Abstract

A transient negative frequency change in AT-cut 125 MHz 5th overtone quartz resonators has been observed following exposure to an intense burst of x-rays. All natural, Z-growth synthetic, and swept Z-growth synthetic resonators suffer a significant initial negative frequency offset. At room temperature, the transient frequency change in natural quartz anneals in approximately ten minutes to a relatively stable negative offset. For the synthetic quartz resonators, appreciable annealing of the initial negative offset continues for a longer period, finally arriving at an offset which may be positive in the case of the Z-growth synthetic but negligibly small for swept Z-growth synthetic.
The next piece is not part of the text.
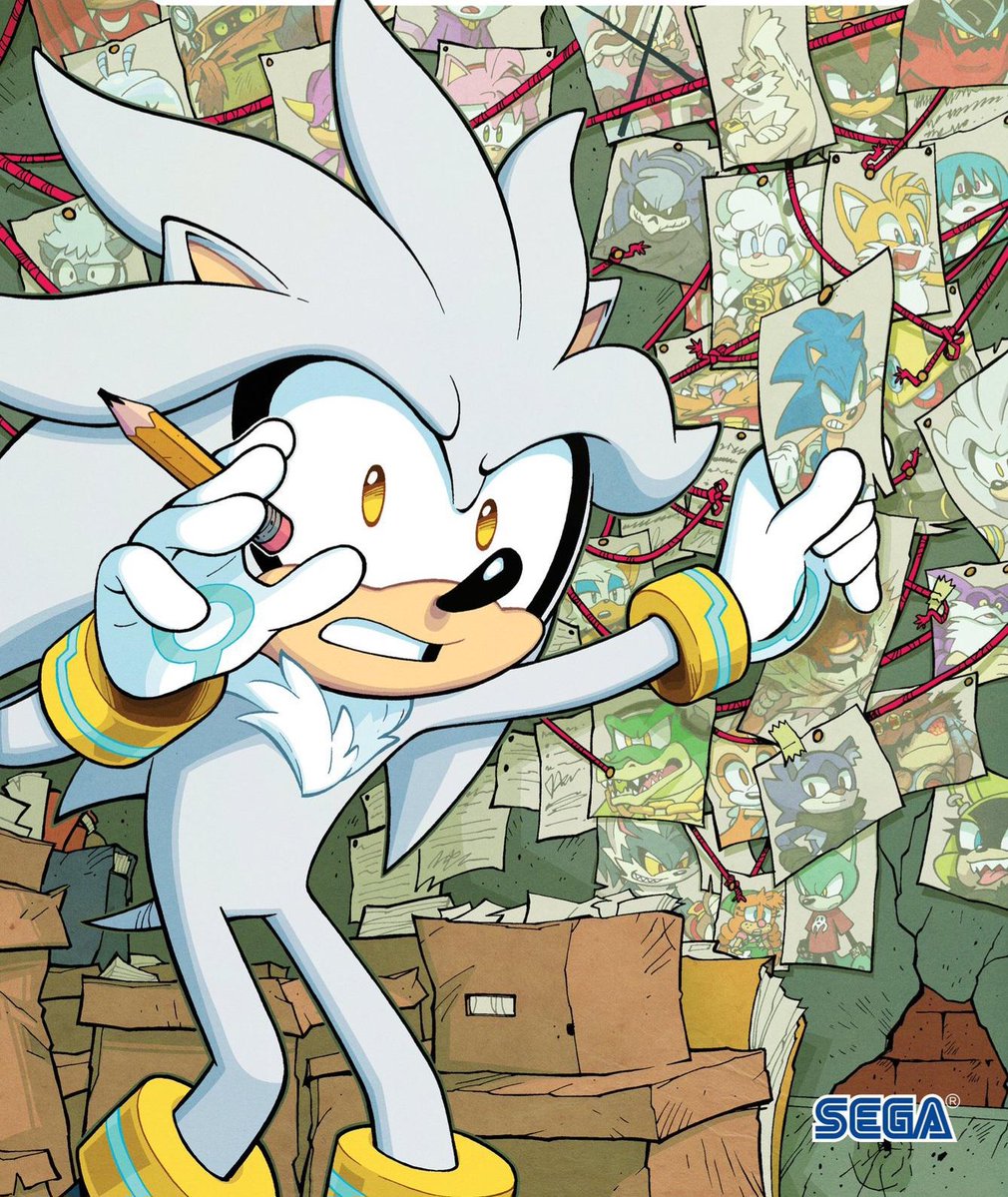 silversfan06's tweet image. Silver always looks beautiful in idw covers 😌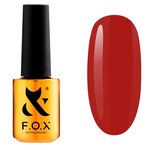 Изображение  Gel polish for nails FOX Spectrum 7 ml, № 037, Volume (ml, g): 7, Color No.: 37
The transient frequency change is attributed to a relaxation process, which anneals above 165°K (Stage I). This annealable relaxation is superposed on a more stable part (Stage II) which is removed only by heating the crystal well above room temperature. The kinetics of Stage I annealing obeys a t-2 relationship and is interpreted in terms of a one-dimensional diffusion limited annealing of uncorrelated defects. In particular, it is proposed that the annealing involves the trapping of monovalent cations, most probably H+, at substitutional aluminum sites in the crystal lattice. The activation energy governing the diffusion of the defect to the trapping center is estimated to be 0.80 ± 0.05 eV.